Central banks should issue digital currencies of their own
Digitalisation has reshaped how we communicate, organise, interact, move and trade. It is now changing money. Mobile-phone based electronic payments are becoming just like cash: contactless, cheap and easy to make on a peer to peer basis, including across borders. Life without a bank account becomes possible, which helps financial inclusion in places with no banks and high mobile penetration.
Many companies are seeking to exploit the synergies between money and platforms in a digital economy. In China, Tencent and Ant Financial aggregate payments with social and commercial activities for millions of users. Facebook and 27 partners have announced plans for a Libra digital coin.
For governments and central banks, the digitalisation of money raises new challenges and the Bank for International Settlements warned this week that they are coming “sooner than we think”. First, physical cash may be disappearing as a medium of exchange. Trust in banks has depended on the perceived convertibility of deposits to cash. In a cashless society, there would be no direct access by citizens to sovereign money. Deposits would no longer be convertible with possible detrimental effects on financial stability.
Second, the monetary system may become more fragmented.
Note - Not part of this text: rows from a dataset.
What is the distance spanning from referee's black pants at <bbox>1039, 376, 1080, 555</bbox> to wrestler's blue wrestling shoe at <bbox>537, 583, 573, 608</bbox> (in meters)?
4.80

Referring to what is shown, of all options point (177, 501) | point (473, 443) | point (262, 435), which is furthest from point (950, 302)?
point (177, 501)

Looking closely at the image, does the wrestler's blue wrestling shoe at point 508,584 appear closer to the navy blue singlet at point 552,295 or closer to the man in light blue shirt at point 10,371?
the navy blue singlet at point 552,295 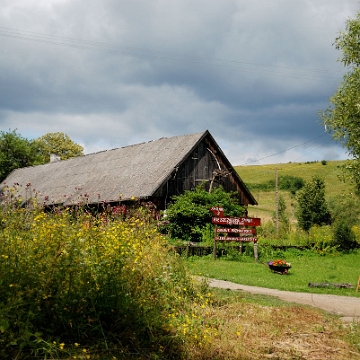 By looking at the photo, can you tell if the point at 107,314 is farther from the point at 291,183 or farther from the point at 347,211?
the point at 291,183

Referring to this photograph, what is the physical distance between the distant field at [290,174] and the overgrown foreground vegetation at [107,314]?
5483 cm

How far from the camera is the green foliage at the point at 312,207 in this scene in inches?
1752

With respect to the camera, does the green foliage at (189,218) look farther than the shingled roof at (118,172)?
No

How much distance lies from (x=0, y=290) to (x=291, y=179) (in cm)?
8305

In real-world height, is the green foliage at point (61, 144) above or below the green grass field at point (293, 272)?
above

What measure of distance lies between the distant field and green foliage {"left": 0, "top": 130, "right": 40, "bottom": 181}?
2779 cm

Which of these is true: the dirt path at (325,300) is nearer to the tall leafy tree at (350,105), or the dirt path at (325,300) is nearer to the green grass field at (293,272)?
the green grass field at (293,272)

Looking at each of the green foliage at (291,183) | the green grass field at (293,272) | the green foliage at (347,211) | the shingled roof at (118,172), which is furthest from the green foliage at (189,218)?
the green foliage at (291,183)

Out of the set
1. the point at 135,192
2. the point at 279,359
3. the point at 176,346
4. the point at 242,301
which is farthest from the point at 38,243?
the point at 135,192

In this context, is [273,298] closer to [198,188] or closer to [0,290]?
[0,290]

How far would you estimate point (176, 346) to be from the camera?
269 inches

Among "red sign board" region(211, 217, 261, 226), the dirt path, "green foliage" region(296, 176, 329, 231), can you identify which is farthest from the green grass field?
"green foliage" region(296, 176, 329, 231)

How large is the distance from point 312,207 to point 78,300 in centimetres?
4046

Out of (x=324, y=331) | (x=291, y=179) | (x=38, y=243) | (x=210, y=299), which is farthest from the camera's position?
(x=291, y=179) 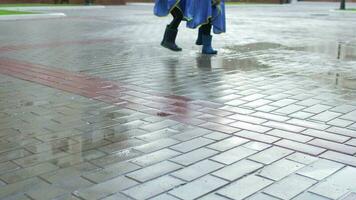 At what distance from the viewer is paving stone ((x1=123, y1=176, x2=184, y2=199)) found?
9.96 feet

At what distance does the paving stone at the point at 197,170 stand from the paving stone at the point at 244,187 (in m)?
0.27

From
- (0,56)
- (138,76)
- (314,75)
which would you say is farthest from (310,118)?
(0,56)

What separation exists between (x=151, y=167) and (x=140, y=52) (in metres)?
6.26

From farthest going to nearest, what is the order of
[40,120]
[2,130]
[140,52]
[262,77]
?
[140,52]
[262,77]
[40,120]
[2,130]

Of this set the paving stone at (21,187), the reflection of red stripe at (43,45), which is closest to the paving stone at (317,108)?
the paving stone at (21,187)

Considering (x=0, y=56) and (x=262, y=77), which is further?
(x=0, y=56)

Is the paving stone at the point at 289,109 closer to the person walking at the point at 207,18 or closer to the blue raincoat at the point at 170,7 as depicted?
the person walking at the point at 207,18

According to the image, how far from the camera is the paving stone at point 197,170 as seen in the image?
3.32 m

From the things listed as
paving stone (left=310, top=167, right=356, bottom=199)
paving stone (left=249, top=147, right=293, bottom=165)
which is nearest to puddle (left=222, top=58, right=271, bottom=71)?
paving stone (left=249, top=147, right=293, bottom=165)

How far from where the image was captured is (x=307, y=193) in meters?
3.04

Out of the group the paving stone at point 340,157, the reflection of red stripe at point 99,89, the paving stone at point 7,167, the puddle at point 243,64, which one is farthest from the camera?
the puddle at point 243,64

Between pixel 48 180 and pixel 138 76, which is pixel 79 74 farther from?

The economic logic of networks and platforms means they have an incentive to maximise user numbers and a tendency to evolve into closed systems. They may create “digital currency areas” where participants are kept together because they share and exchange the same type of digital money.
Third, because digital money is naturally cross-border, it opens the way to new forms of currency competition, from Libra among others. Some governments may try to use digital payment networks to internationalise their currencies, while others will face a risk of “digital dollarisation” through the penetration of foreign currencies in their domestic economy. This has the potential to significantly reshape the international monetary system.